### Required work
An exact reproduction is needed of every line from the beginning of the data down to and including the line that contains "高清大图下载【趣麦麦图】彩色丝绸布料纹理", minus the pictures.
★ ★ ★ ★ ★ ★ ★
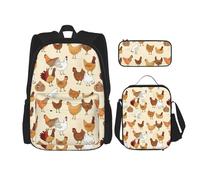 Combinación de mochila escolar - Juego de mochila escolar moderna y ligera para niñas, juegos de mochila escolar, hortensia, acuarela, Una cría de pollos, Talla única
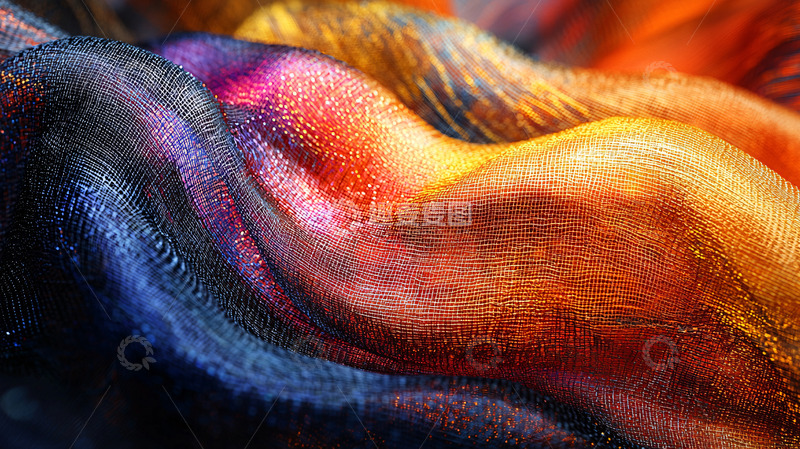 高清大图下载【趣麦麦图】彩色丝绸布料纹理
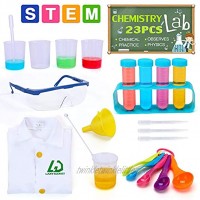 Lucky Doug Kids Science Experiment Kit with Lab Coat 23PCS Scientific Experiments Tools Set for Lab Activity Experiments Classroom Costume Dress-up Role Play Ages 3+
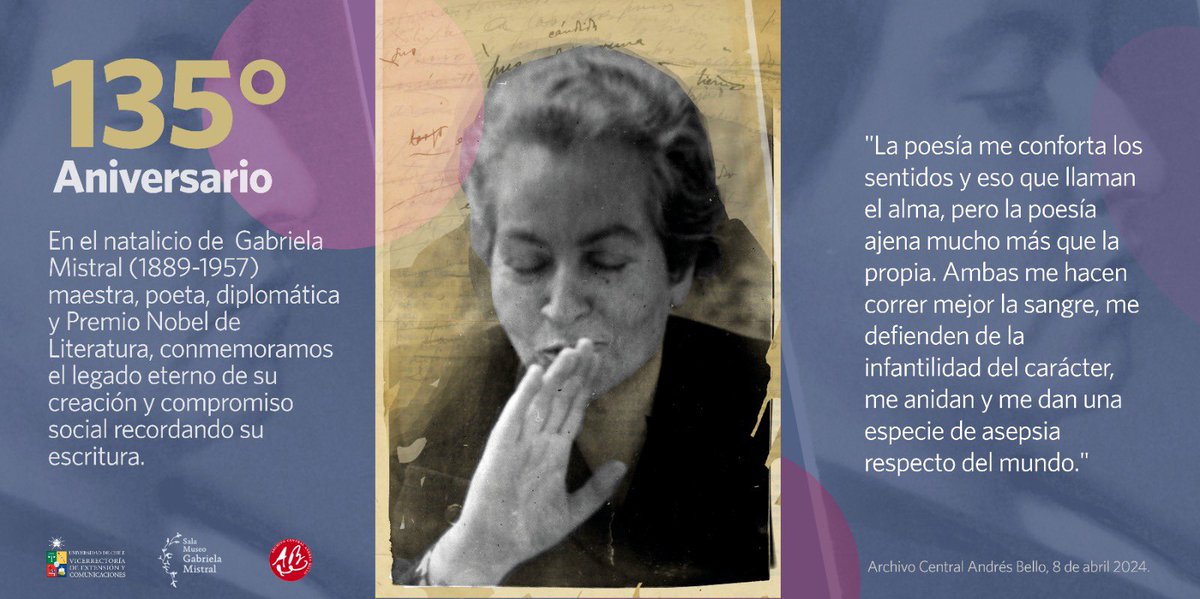 #Efeméride Un día como hoy nació Gabriela Mistral, la primera persona latinoamericana en ser premiada con el Nobel de Literatura. Oriunda de Vicuña, Chile, su fama como poeta comenzó con la victoria en 1914 del concurso de literatura de los Juegos Florales.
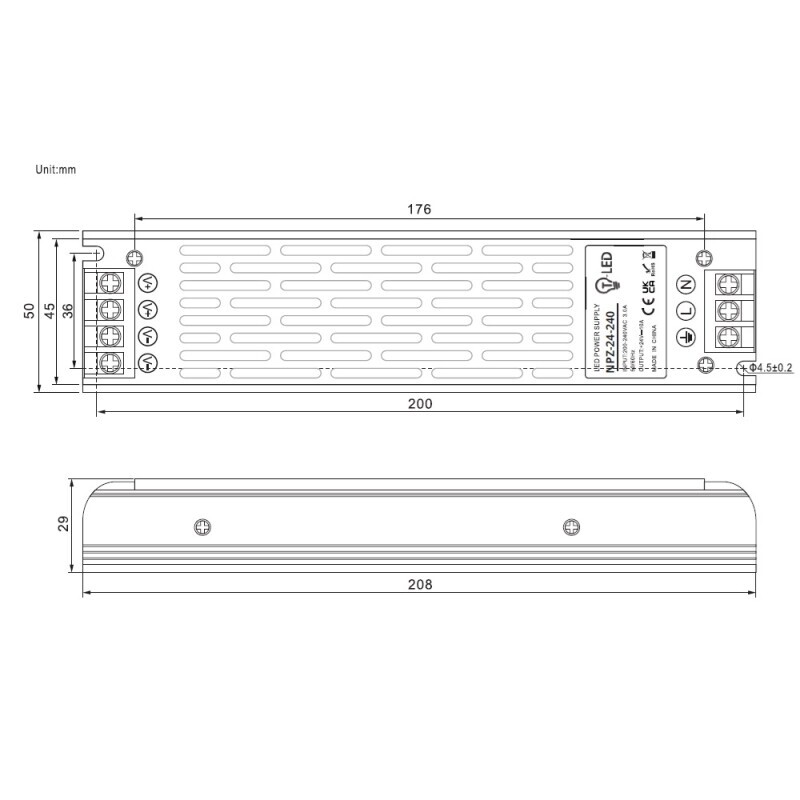 LED zdroj 24V 240W NPZ-24-240 vnitřní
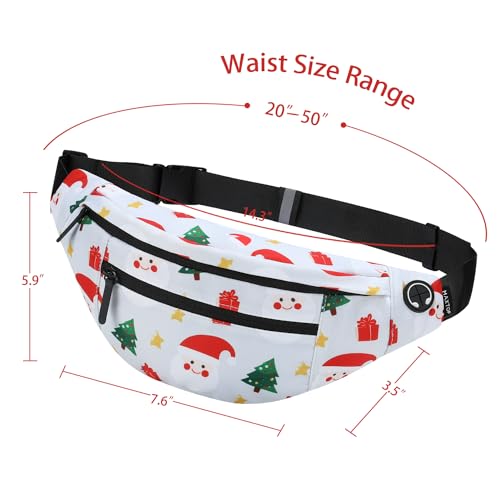 Image of MAXTOP Large White Christmas Fanny Pack with 4-Zipper Pockets, Christmas Gifts for Enjoy Festival Sports Workout Traveling Running Casual Hands-Free Waist Pack Crossbody Phone Bag Carrying All Phones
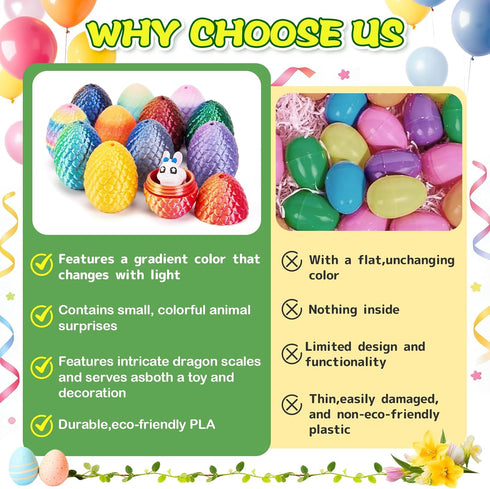 YILCER Mini Dragon Eggs & Animals Prefilled Easter Eggs Easter Basket Essentials&Stuffers Surprise Toy Eggs with Mini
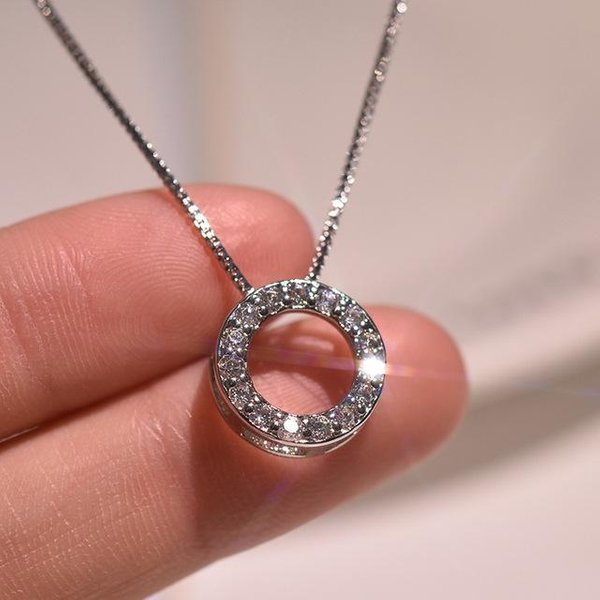 Collar De Plata De Ley 925 AutéNtica, Colgante, JoyeríA Para Mujer, Colgante Circular De Diamantes Completo, Pierscionki, Collar De Plata 925 Para Mujer Plata-image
★ ★ ★ ★ ★ ★ ★
### Written answer
 Combinación de mochila escolar - Juego de mochila escolar moderna y ligera para niñas, juegos de mochila escolar, hortensia, acuarela, Una cría de pollos, Talla única
 高清大图下载【趣麦麦图】彩色丝绸布料纹理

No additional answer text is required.